Damien’s Seed (1996)

Rating:


USA. 1996.

Crew

Director/Screenplay – Edward Holzman, Story – Edward Holzman & Meriam Castel, Producer – Bradford Hill, Photography – Bruce Dorfman, Music – K. Alexander Wilkinson, Special Effects – West EFX Inc (Supervisor – Erick Brennan), Production Design – John Larena. Production Company – Mystique Films.

Cast

Matthew Sullivan (Barry Haven), Jacqueline Lovell (Trix), Leslie Harter (Jane Jansen), Jimmy Wlcek (Eric), Shauna O’Brien (Connie), Leslie Olivan (Diane), Kira Reed (Detective Carol Reiner), Scott Shaughnessy (Frank)


Plot

Private investigator Barry Haven is hired by Jane Jansen to find her missing sister Jessica. Joined by Trix, a free-spirited hitchhiker he picks up and then takes on as his assistant, Haven tries to track Jessica down in the small town of Lost Lake, where she was last known to be. Both he and Trix have sex with various people they meet during the course of the investigation. However, it becomes increasingly apparent that Jessica has been taken by a cult known as The Daughters of Darkness, who are holding her to be sacrificed as they await the return of Damien, the son of the cult’s leader.
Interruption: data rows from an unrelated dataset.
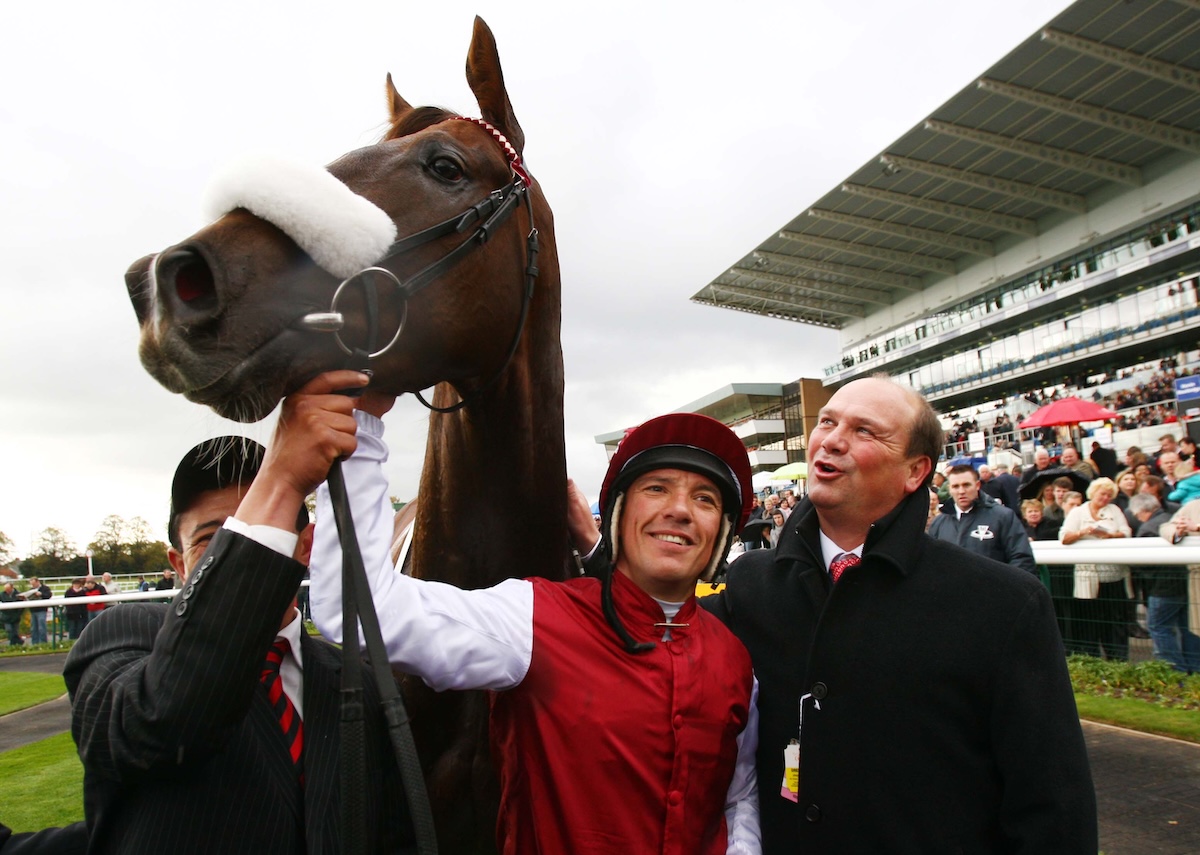 Mick Halford (right) with Casamento and Frankie Dettori after winning the Racing Post Trophy in 2010. Photo: Dan Abraham / focusonracing.com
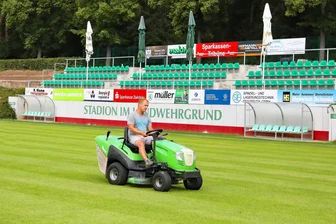 SV Sachsen 90 Werdau bekommt Zuschuss für seine Sportstätten - Der SV Sachsen 90 Werdau hat jetzt Geld für die Erhaltung von zwei Sportstätten bekommen.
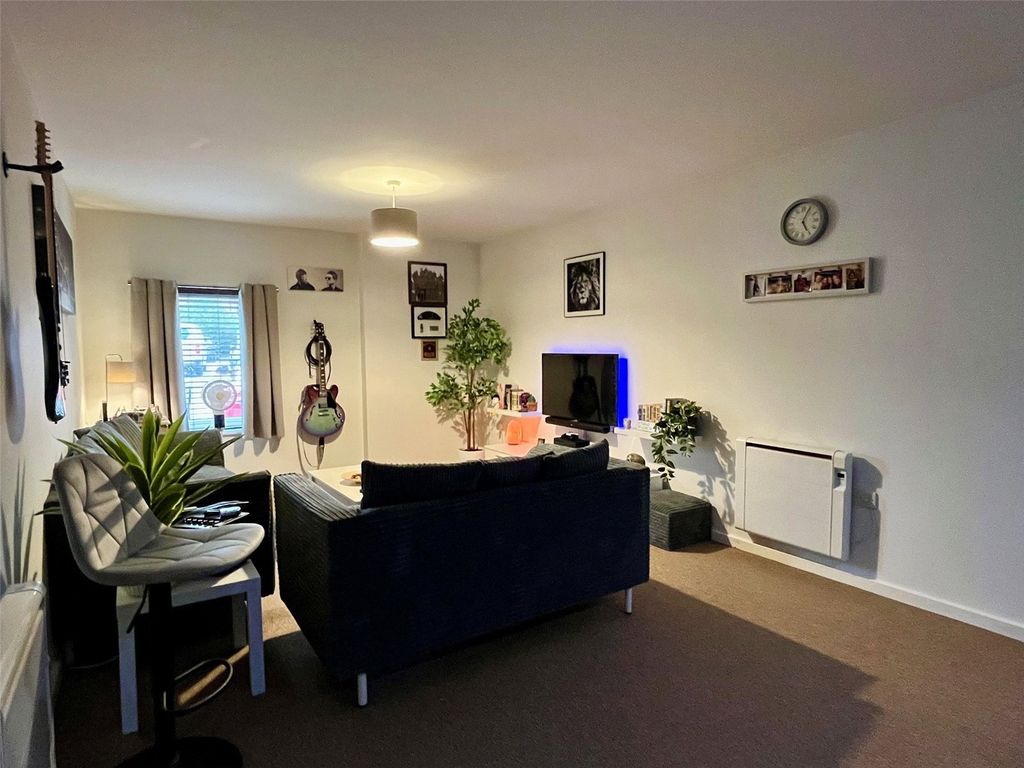 Property photo 2 of 9 Picture No. 10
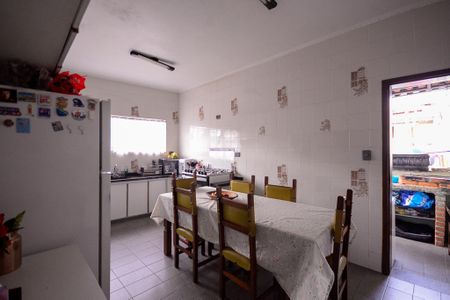 Casa para alugar com 385m², 4 quartos e 8 vagas Casa para alugar com 385m², 4 quartos e 8 vagasCasa 1 - Cozinha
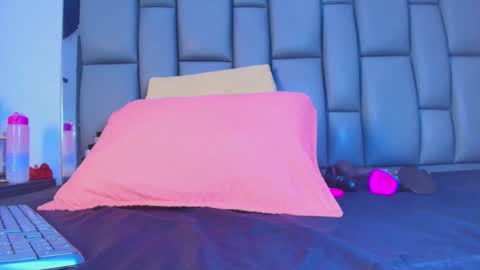 FERNANDA 3 online show from 03/19/26, 12:09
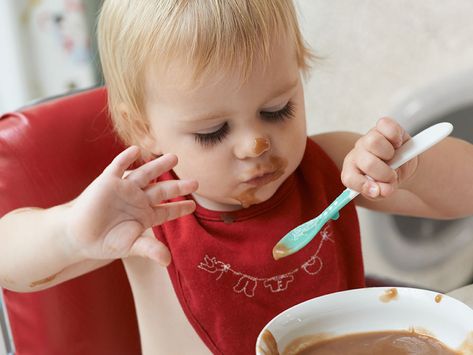 Children learning to feed themselves | Raising Children Network New Born Feeding, Newborn Eating Amount, One Year Old Feeding Guide, How Much Should My Newborn Be Eating, Introduce Solids To Baby, Baby Feeding Utensils Bowls, Baby Dishes, Introducing Solids, Soft Food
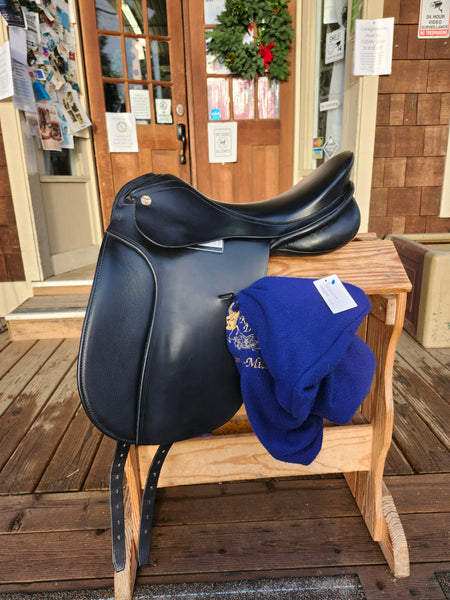 17.5" Karl Niedersuss Olympik Dressage Saddle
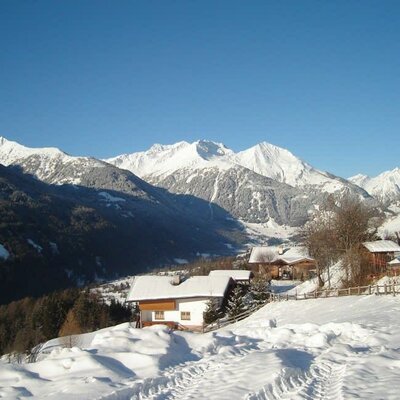 Blick vor dem Haus auf Bergerkogel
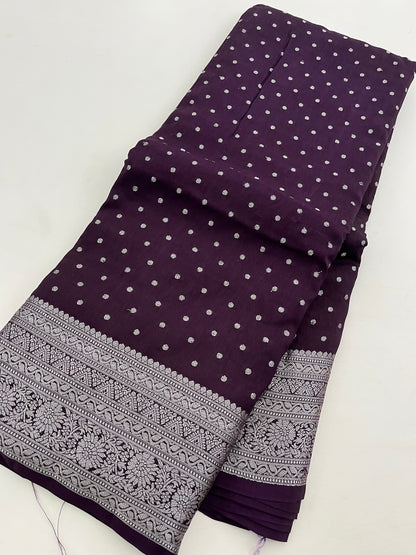 Ju9 Banarasi Crepe Silver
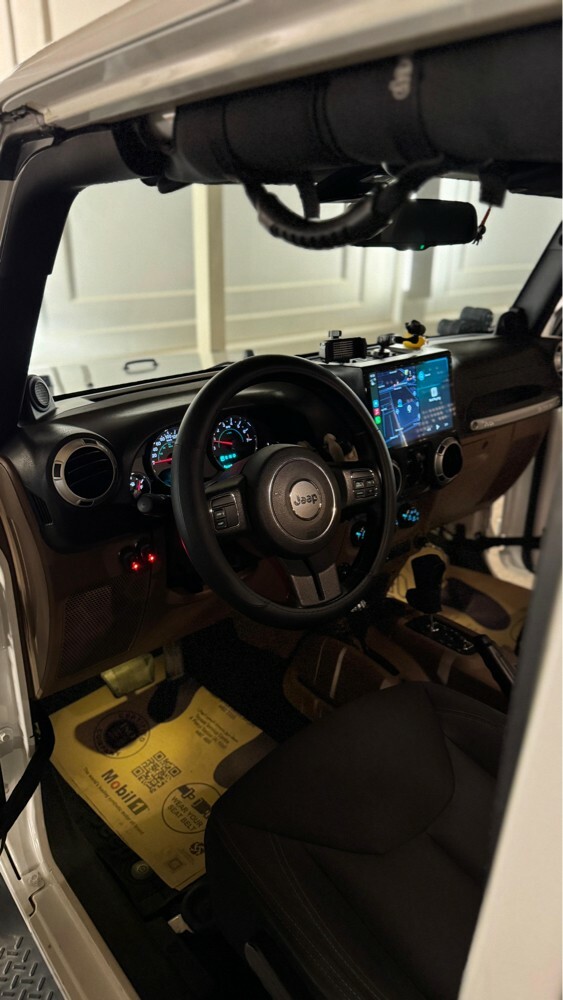 Jeep Wrangler Sahara JKU - 9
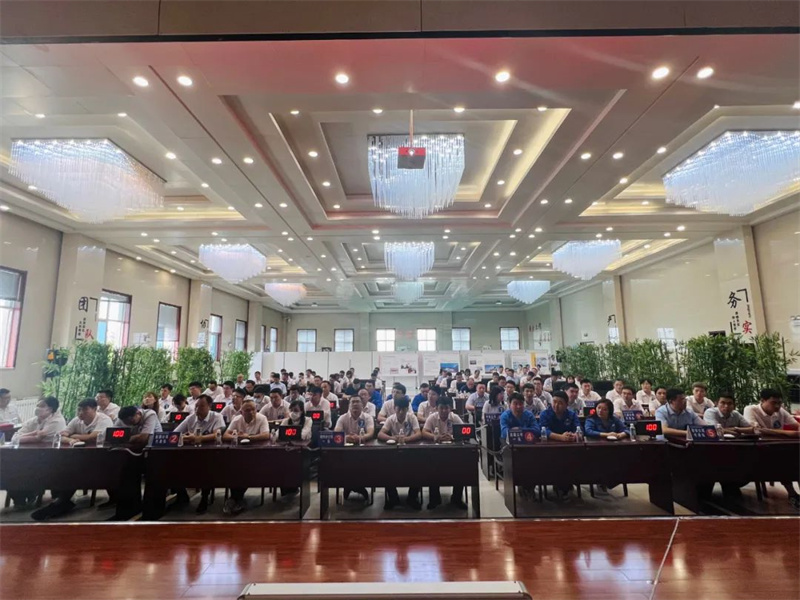 新型能源公司举办“学法规、抓落实、强管理”安全生产普法知识竞赛活动-2.jpg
Damien’s Seed is a made-for-cable erotic film. Made-for-cable deals in softcore erotica – no penetration, no male genitalia, only brief pubic shots – and are made with professional crews and reasonably competent actors, plus the semblance of a script. Some of these are even quite good – see Embrace the Darkness (1998).
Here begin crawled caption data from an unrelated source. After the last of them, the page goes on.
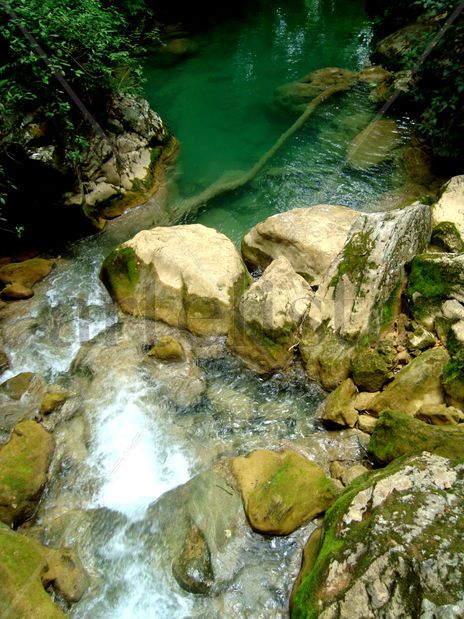 Piedras en el Rio...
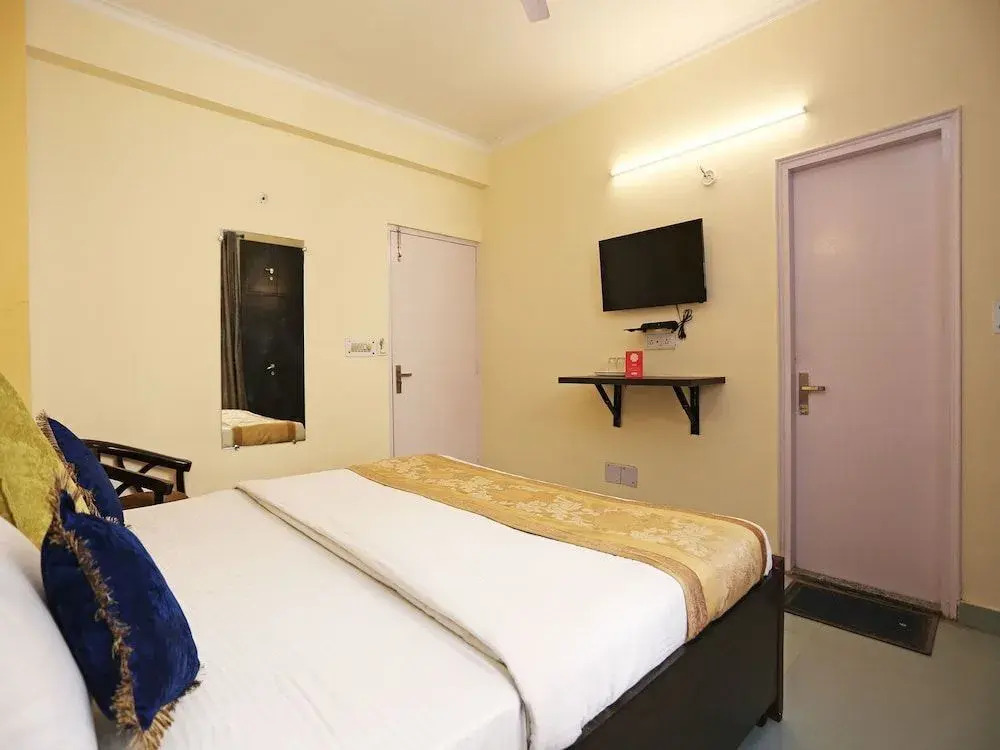 Hotel Mascot Quattro By OYO Rooms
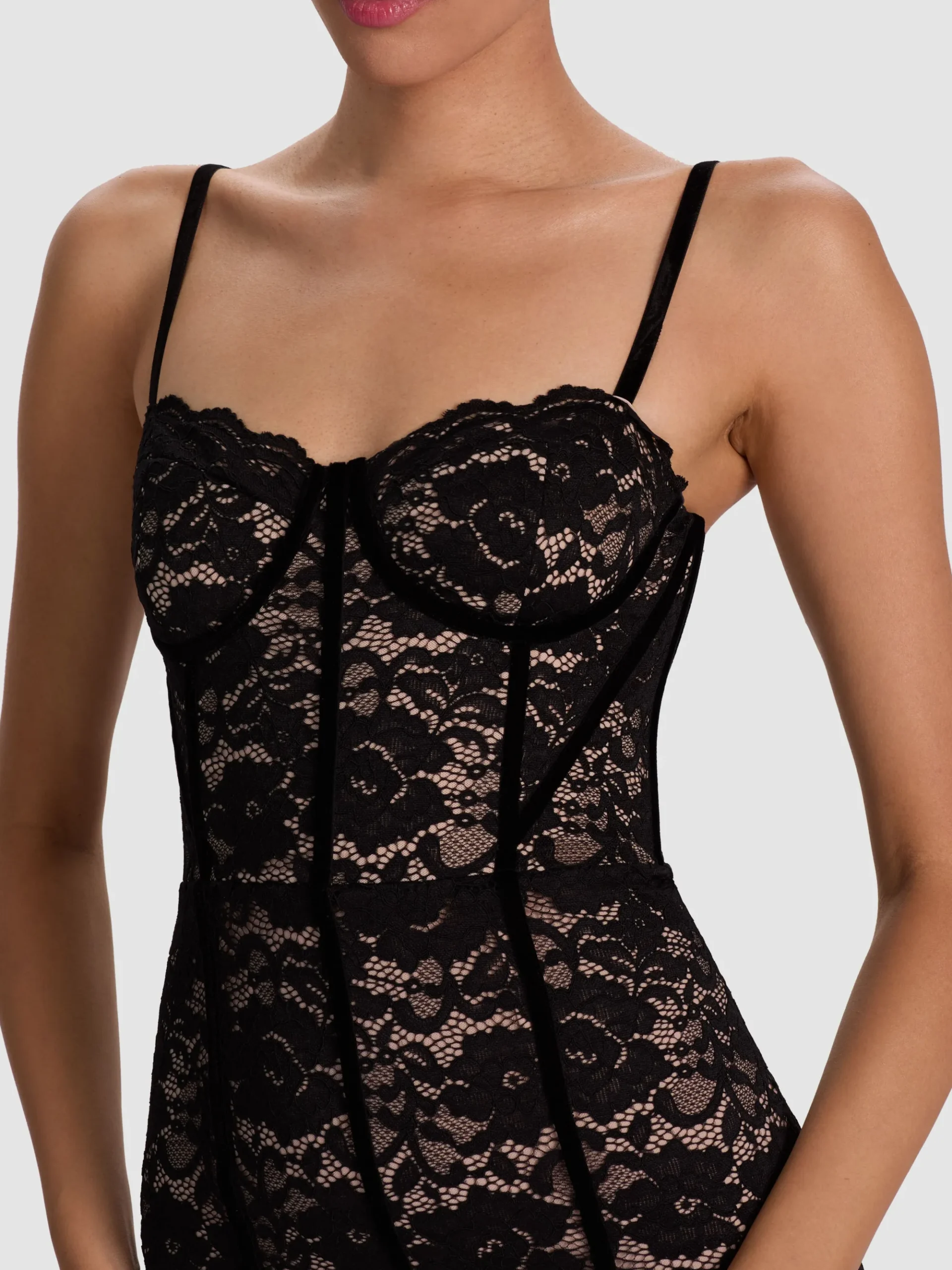 Alice and Olivia CARISSA LACE MAXI DRESS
Damien’s Seed audaciously tries to conduct an erotic film as a ripoff of The Omen (1976). (It is interesting to note how since The Omen, the name Damien has become de rigeur associated with The Devil and/or Satanism). The film doesn’t succeed at doing this particularly well – the plot only develops in intermittent stretches between the erotic couplings.

The ending conducts an okay twist variation on Spellbinder (1988), although it is a familiar twist and one that the film does not push for as much drama as it could have done. There is, for example, little in the way of sinisterness attached to the activities of the cult as there might be in a standard Omen copy.

That leaves the film to be measured on the basis of its erotica. Most of this falls into a bland forgettability and lacks any distinction. The sole exception is Jacqueline Lovell, who has a gorgeous freeness and natural sexuality. There is a nice scene, which radiates a good deal of steaminess, with her doing a striptease in the headlights of a pickup and then making out on the back of the truck.

Damien’s Seed was shot on location in the California resort town on Big Bear Lake and has been made on the cheap with locations restricted to motels and chalets. Co-star Leslie Harter later married director Robert Zemeckis of Back to the Future (1985) and Who Framed Roger Rabbit? (1988) fame.